§ **Problem statement**
Please give the lines below again exactly as they stand, from the one that contains "A white, triangular" up to and including the one that contains "Lot 2 decorative", leaving all pictures out.

§ **Records supplied**
• • • • •
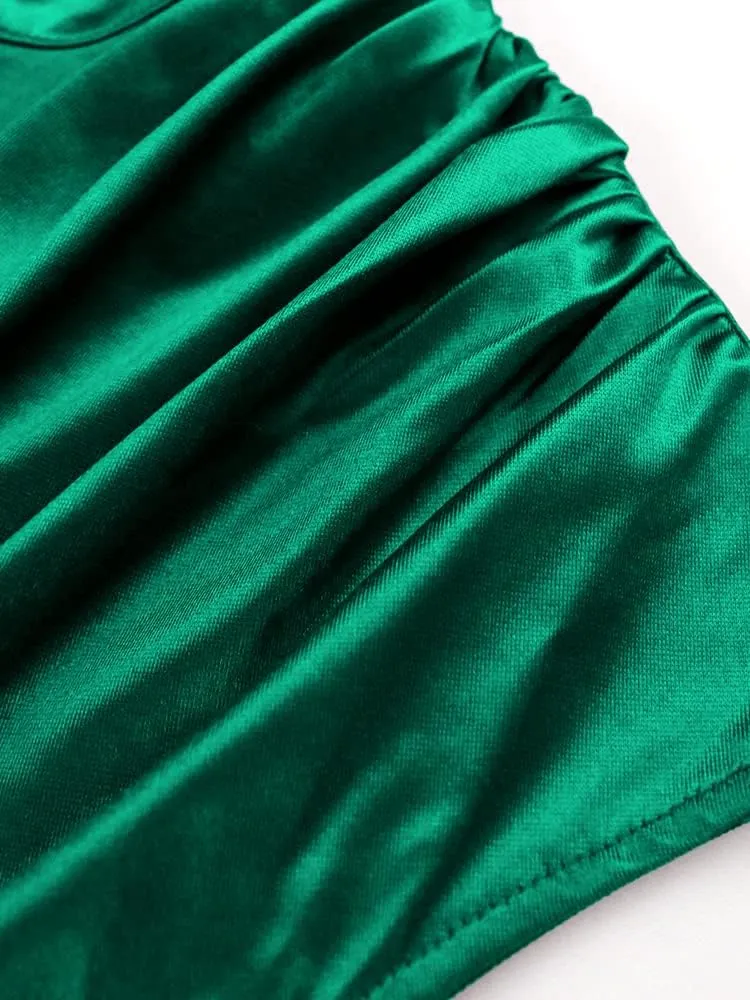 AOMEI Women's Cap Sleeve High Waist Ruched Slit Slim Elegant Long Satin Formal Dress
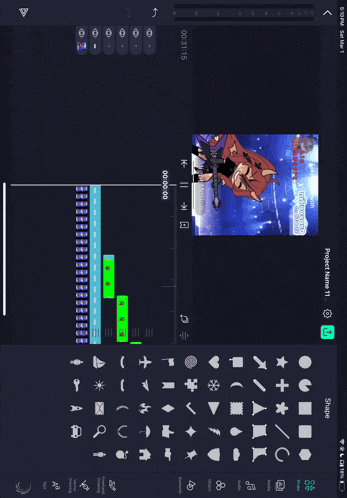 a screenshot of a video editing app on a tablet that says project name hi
• • • • •
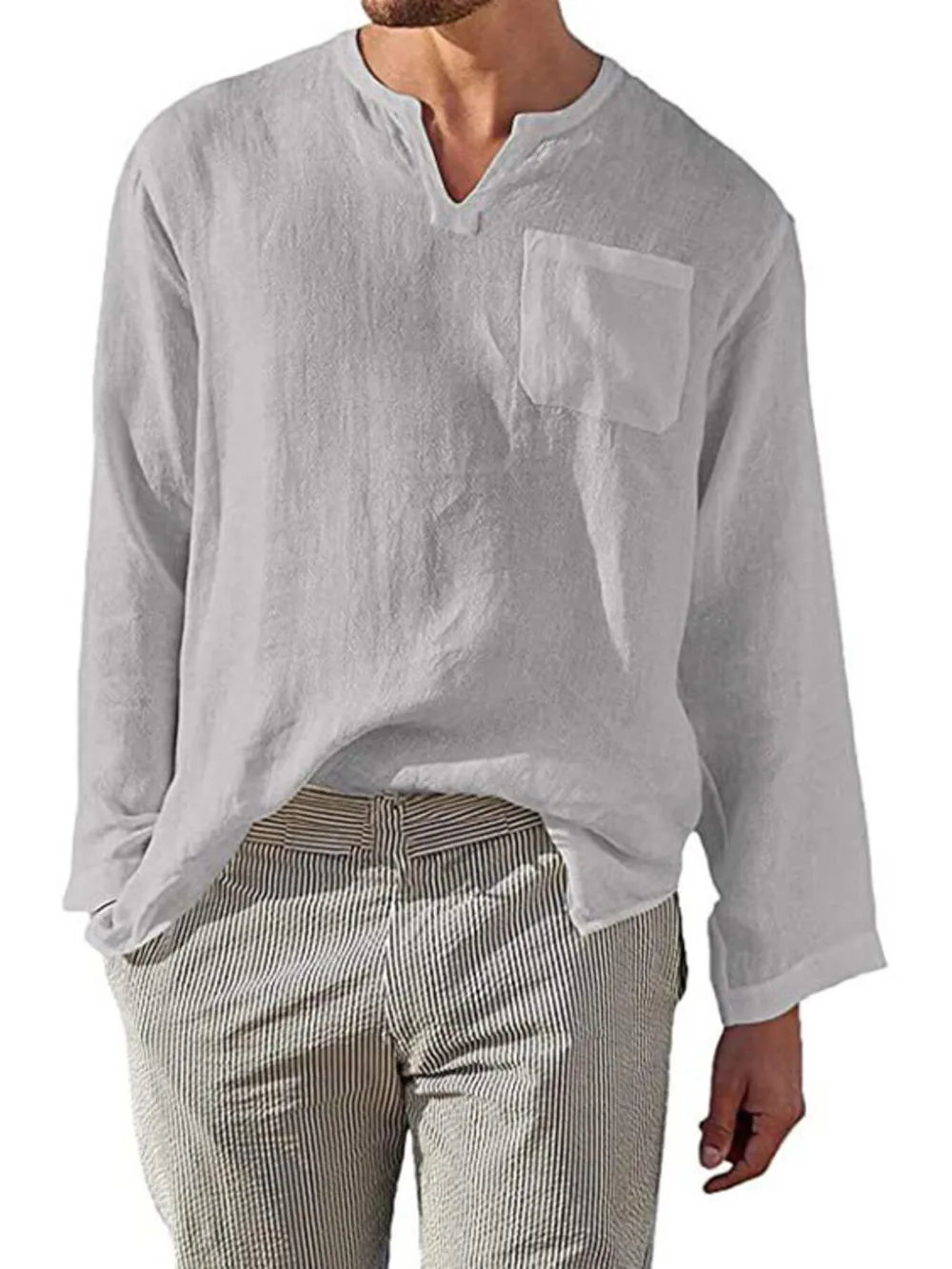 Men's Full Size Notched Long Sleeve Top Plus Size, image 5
• • • • •
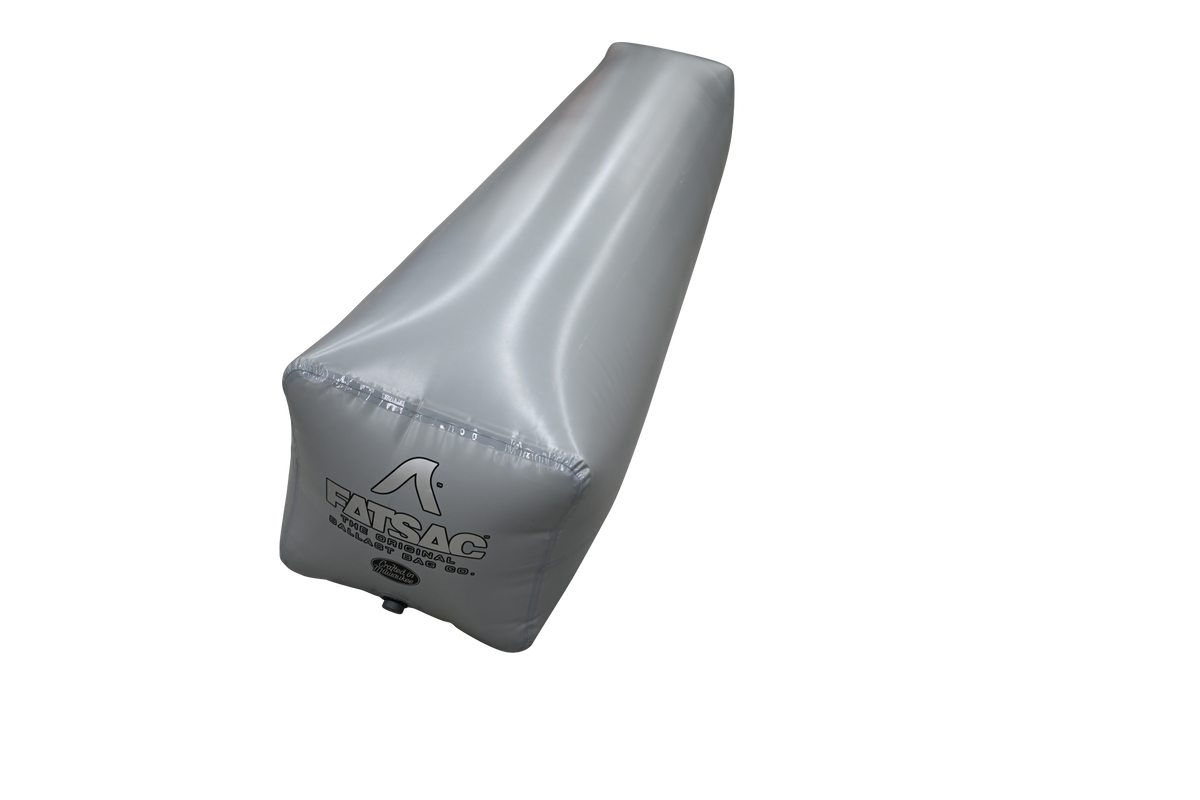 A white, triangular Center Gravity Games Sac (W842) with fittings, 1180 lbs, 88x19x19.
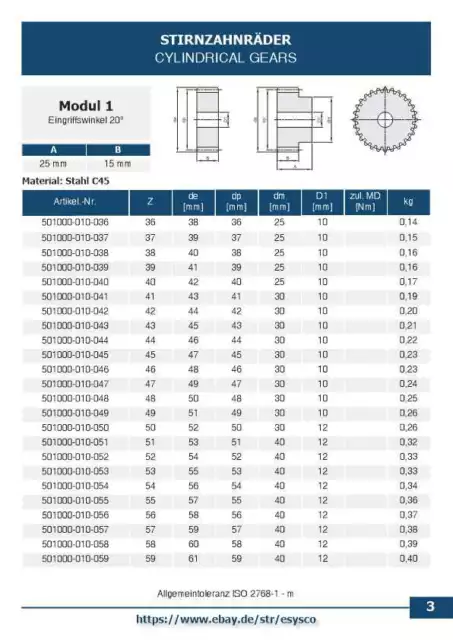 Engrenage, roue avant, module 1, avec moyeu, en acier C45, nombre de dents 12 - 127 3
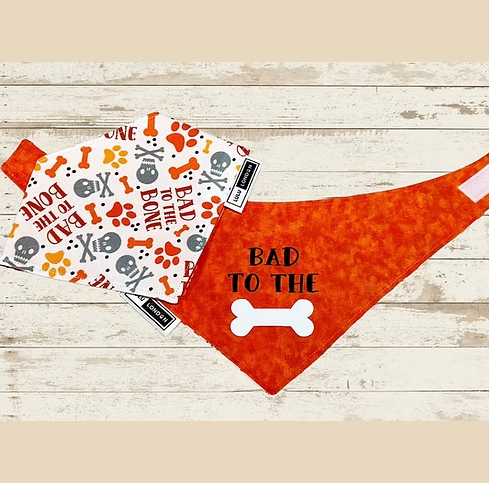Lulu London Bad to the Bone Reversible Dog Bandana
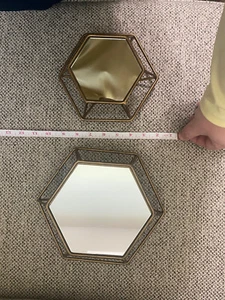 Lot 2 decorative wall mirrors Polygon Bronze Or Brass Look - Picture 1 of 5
• • • • •
§ **Expected answer**
 A white, triangular Center Gravity Games Sac (W842) with fittings, 1180 lbs, 88x19x19.
 Engrenage, roue avant, module 1, avec moyeu, en acier C45, nombre de dents 12 - 127 3
Lulu London Bad to the Bone Reversible Dog Bandana
 Lot 2 decorative wall mirrors Polygon Bronze Or Brass Look - Picture 1 of 5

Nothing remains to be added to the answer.